This take confuses the value of a project at inception with its value at maturity. Vibe-coded projects are at the beginning of their life. When Slack was at a comparably stage, it similarly didn't have hundreds of engineers running it. So the question facing vibe coding is not whether it can substitute for a mature tech product. The question is if vibe coding can substitute for genuine engineering expertise at the very beginning of a budding, immature project.
In the long run there is no alternative to really reading your codebase and understanding what is going on. You can leave the nitty gritty details to the LLM but you have to be in the drivers seat and know how the parts of your codebase works together. You have to be the architect and can leave the plumbing to the LLM, but dont try to make a plumber an architect.
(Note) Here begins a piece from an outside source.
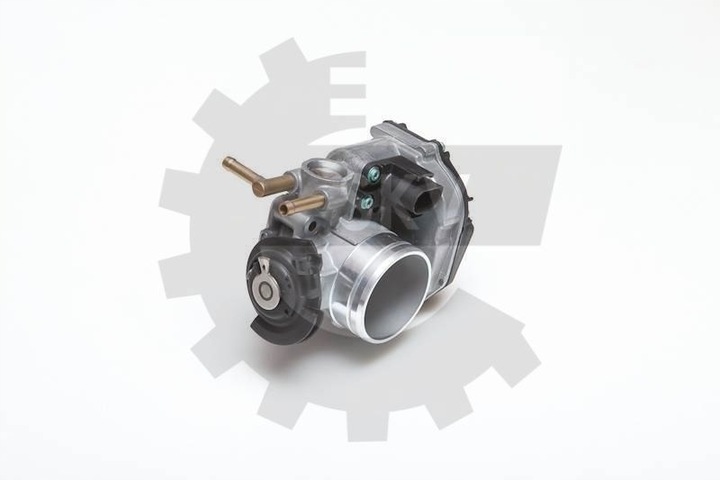 фото №13, Дроссельная заслонка alhambra sharan 2.0 ady 06a133064a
How many projects get to the point where they're at 50 or 100 people online at the same time but fail due to technical issues before they reach 50k? I would say very few. 99% of the time the problem is that they never reach that simultaneous 100 people due to other, non-technical issues like not being a product that people really want. If you've got 50k people wanting to use your product it's a success even if you've got technical problems and it's crashing all the time.
Are these chat apps built with one giant monolithic architecture? Seems like you could spin up isolated copies per organization and your scaling needs would be a lot lower and simpler. Then run everything in k8s with over subscription to deal with the compute overhead waste.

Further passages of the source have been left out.